Nel complesso della sua produzione (1077 titoli) questa parte potrà sembrare quantitativamente esigua, ma essa corrisponde a una consapevolezza storiografica e a un’assidua fatica. La filologia dava gli strumenti per risalire all’originale di un testo, alla modalità di esecuzione della lingua così come un autore l’aveva sperimentata, ed essa (attraverso lo studio della tradizione manoscritta) consentiva anche di comprendere le modalità nelle quali ogni opera era stata compresa dai suoi diversi pubblici. L’eredità pasqualiana serviva a diminuire gli elementi meccanici nella ricostruzione del testo, in riferimento a una coscienza storica della lingua, senza perdere di vista l’importanza di impiegare i mezzi ecdotici disponibili per risalire agli originali. A questi presupposti Leonardi fu sempre fedele, come mostra anche il sodalizio intellettuale stabilito con Giovanni Orlandi che affiancò negli scontri contro mode editoriali semplicistiche, il cui imporsi rischiava di far perdere la coscienza di che cosa significasse lavorare sui testi con un metodo scientifico.
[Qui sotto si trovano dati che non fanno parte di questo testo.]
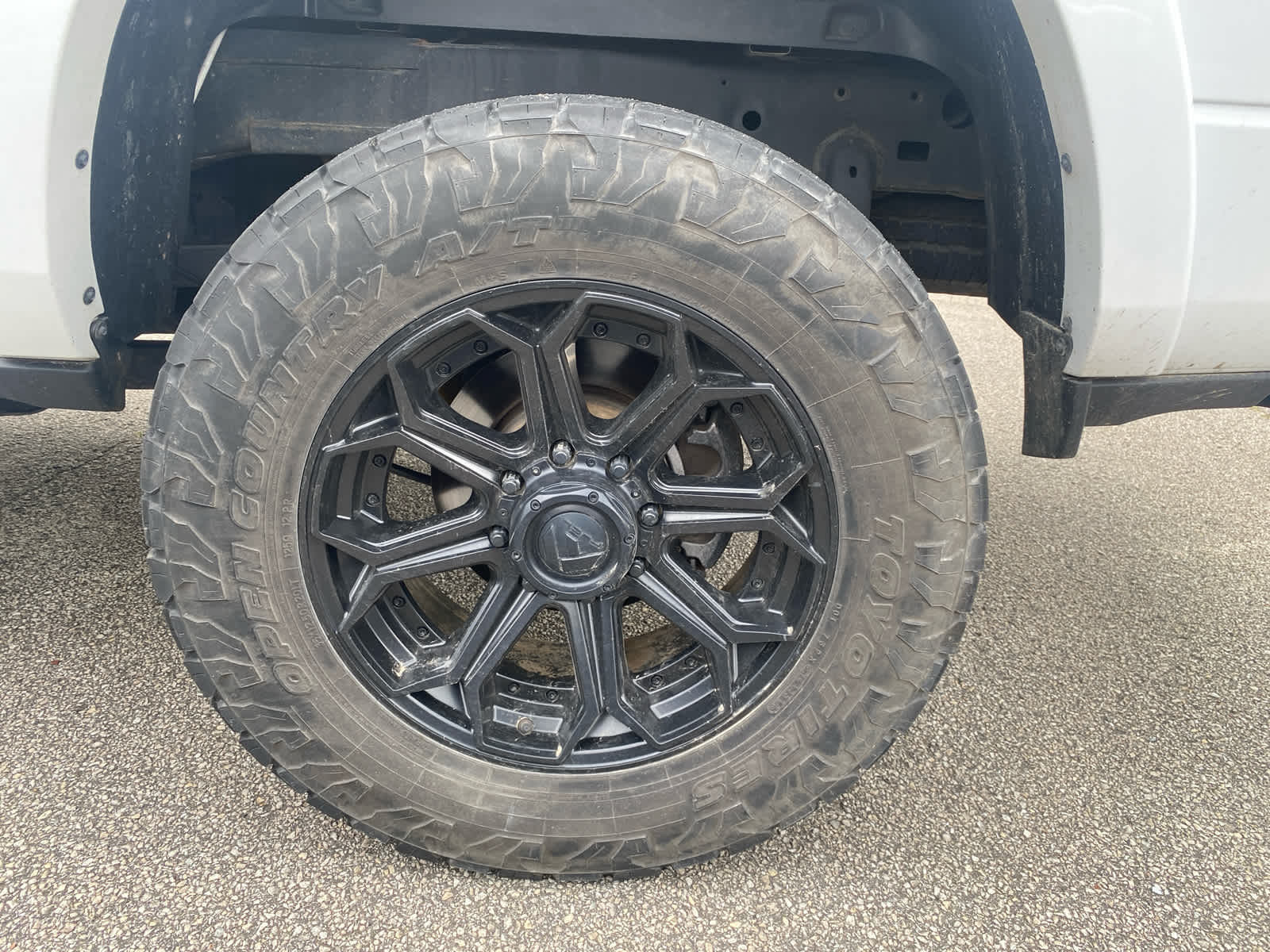 used 2021 Ram 2500 car, priced at $54,500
La filologia è posta alla base del lavoro storico perché la storia ha nella parola umana il suo specchio sincero, il suo documento sicuro; la parola rappresenta il modo nel quale le cose sono state vissute, nella concretezza di una persona, che subisce condizionamenti storici e pure esprime la sua singolarità e la sua utopia; comprendere la parola degli autori è accedere all’alterità di un altro tempo, realizzando il compito dello storico. In questo interesse per la lingua degli autori, emergeva il riferimento a un altro magistero, quello di Contini, che pure fu decisivo nella definizione della posizione di Leonardi, nella quale inoltre sarà presente la coscienza che, proprio per l’ambizione del suo risultato (la comprensione di un mondo trascorso, attraverso la lingua), l’esito della ricostruzione di un testo deve presentarsi sempre come ipotesi conoscitiva, per quanto carica di informazioni e di consapevolezze e per quanto fondamento di una vera conoscenza. La fiducia nella filologia corrisponde a una scelta decisiva, ma si articola in direzione della storia della cultura. Attraverso i testi ben compresi si scoprono le figure poetiche e spirituali che la persona ha elaborato e che costituiscono la storia; su di essa pesano i condizionamenti,
ma la reazione ad essi ho voluto considerarla come autonoma, originale, come una struttura: la dottrina e la sua immagine (la figura religiosa e la figura poetica), come sufficiente documento di conoscenza della storia, anzi come un documento che più di altri permette di valutare i dati di una certa epoca entro un’ipotesi di storia universale (Alle origini della cristianità medievale, 1977, pp. 493-94).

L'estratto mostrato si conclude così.